The Royal Society of Chemistry
2010
Abstract
We report on the synthesis, characterization and photovoltaic performance of three novel semiconducting polymers based on poly[bis-N, N[prime or minute]-(4-octylphenyl)-bis-N, N[prime or minute]-phenyl-1, 4-phenylenediamine-alt-5, 5[prime or minute]-4[prime or minute], 7[prime or minute], -di-2-thienyl-2[prime or minute], 1[prime or minute], 3[prime or minute]-benzothiadiazole]. They differ only in the presence and position of hexyl side-chains on the thienyl groups. T8TBT-0 has no such side-chains, they face towards the benzothiadiazole in T8TBT-in and away in T8TBT-out. Based on electron-donating triarylamine and electron-accepting dithienyl-benzothiadiazole groups, the new polymers exhibit low bandgaps and enhanced absorption in the red part of the visible spectrum. Despite their identical backbone they differ in their synthesis and photophysics: T8TBT-0 and T8TBT-in can be synthesized by direct Suzuki coupling but a new synthesis procedure is necessary for T8TBT-out. In absorption and luminescence a blue shift is induced by the inward facing, and to a lesser extent by the outward-facing side-chains.

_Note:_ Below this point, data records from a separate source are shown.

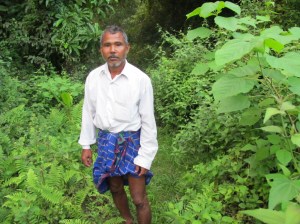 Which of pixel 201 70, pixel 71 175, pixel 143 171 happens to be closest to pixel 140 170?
pixel 143 171

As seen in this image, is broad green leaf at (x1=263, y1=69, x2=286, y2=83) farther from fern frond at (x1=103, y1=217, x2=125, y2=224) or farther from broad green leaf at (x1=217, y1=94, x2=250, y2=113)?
fern frond at (x1=103, y1=217, x2=125, y2=224)

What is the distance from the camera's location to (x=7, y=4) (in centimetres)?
734

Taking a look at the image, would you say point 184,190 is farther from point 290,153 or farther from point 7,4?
point 7,4

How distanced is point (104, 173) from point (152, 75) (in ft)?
14.0

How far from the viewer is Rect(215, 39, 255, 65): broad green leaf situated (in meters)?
2.24

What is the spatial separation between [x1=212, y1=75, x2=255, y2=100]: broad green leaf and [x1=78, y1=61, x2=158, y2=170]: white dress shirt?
27.7 inches

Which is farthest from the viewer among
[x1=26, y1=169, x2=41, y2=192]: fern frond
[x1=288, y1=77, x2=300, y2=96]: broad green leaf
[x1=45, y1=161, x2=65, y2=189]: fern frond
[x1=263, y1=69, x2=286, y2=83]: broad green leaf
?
[x1=45, y1=161, x2=65, y2=189]: fern frond

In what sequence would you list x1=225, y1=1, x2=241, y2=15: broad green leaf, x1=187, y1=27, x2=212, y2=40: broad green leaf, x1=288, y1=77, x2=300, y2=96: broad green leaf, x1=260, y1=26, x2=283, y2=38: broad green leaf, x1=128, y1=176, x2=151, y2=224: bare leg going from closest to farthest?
x1=260, y1=26, x2=283, y2=38: broad green leaf → x1=288, y1=77, x2=300, y2=96: broad green leaf → x1=225, y1=1, x2=241, y2=15: broad green leaf → x1=187, y1=27, x2=212, y2=40: broad green leaf → x1=128, y1=176, x2=151, y2=224: bare leg

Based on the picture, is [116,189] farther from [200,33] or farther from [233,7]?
[233,7]

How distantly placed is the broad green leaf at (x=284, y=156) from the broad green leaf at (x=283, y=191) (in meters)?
0.34

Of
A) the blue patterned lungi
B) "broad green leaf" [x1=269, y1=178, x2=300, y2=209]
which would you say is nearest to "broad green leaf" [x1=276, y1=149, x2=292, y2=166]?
"broad green leaf" [x1=269, y1=178, x2=300, y2=209]

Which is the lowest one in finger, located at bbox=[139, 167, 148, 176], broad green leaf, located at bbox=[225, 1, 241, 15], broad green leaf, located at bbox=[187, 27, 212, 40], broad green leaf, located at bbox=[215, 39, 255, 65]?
finger, located at bbox=[139, 167, 148, 176]

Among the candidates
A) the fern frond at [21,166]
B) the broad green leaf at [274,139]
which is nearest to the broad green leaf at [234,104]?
the broad green leaf at [274,139]

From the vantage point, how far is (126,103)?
3.10m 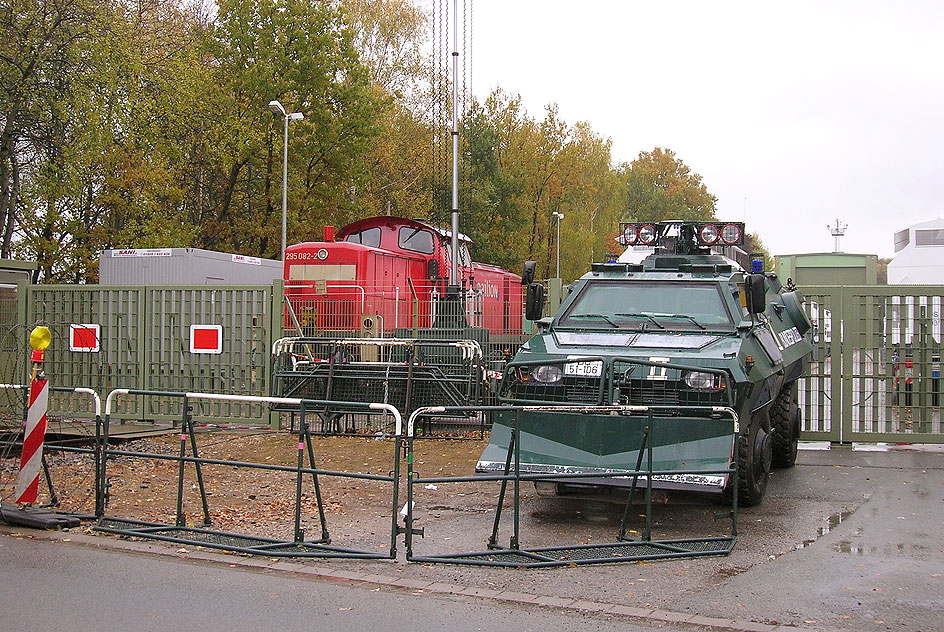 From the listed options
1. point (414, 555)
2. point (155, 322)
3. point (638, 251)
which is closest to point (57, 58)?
point (155, 322)

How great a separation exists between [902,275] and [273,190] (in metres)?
36.0

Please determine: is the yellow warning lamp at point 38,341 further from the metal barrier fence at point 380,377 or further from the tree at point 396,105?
the tree at point 396,105

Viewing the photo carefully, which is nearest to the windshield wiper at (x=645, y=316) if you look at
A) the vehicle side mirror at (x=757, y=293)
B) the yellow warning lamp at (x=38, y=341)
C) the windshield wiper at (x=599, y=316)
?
the windshield wiper at (x=599, y=316)

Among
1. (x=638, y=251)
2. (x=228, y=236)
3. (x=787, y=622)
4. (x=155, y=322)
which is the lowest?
(x=787, y=622)

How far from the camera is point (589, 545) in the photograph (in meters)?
7.59

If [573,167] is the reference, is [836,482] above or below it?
below

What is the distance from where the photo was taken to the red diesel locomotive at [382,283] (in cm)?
1630

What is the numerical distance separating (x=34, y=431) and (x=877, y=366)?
1158 cm

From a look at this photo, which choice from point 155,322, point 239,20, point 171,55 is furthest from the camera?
point 239,20

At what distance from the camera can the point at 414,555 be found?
293 inches

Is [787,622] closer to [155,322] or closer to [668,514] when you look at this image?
[668,514]

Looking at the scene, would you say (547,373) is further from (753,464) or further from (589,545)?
(753,464)

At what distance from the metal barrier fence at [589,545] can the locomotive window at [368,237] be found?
41.1ft

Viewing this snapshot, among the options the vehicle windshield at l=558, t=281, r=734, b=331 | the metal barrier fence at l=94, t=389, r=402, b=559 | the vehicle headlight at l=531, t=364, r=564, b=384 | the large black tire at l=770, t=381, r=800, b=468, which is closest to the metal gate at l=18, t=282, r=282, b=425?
the vehicle windshield at l=558, t=281, r=734, b=331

From comparison of the photophysics in solutions and films, we conclude that the addition of side-chains reduces formation of aggregates in films and that this effect is stronger for inward-facing side-chains. By blending the three polymers with PCBM in a standard photovoltaic device architecture, T8TBT-0 performs best with a power conversion efficiency (PCE) of 1.0% (under AM1.5G illumination at 100 mW cm-2) compared to 0.17% and 0.27% for T8TBT-out and T8TBT-in, respectively.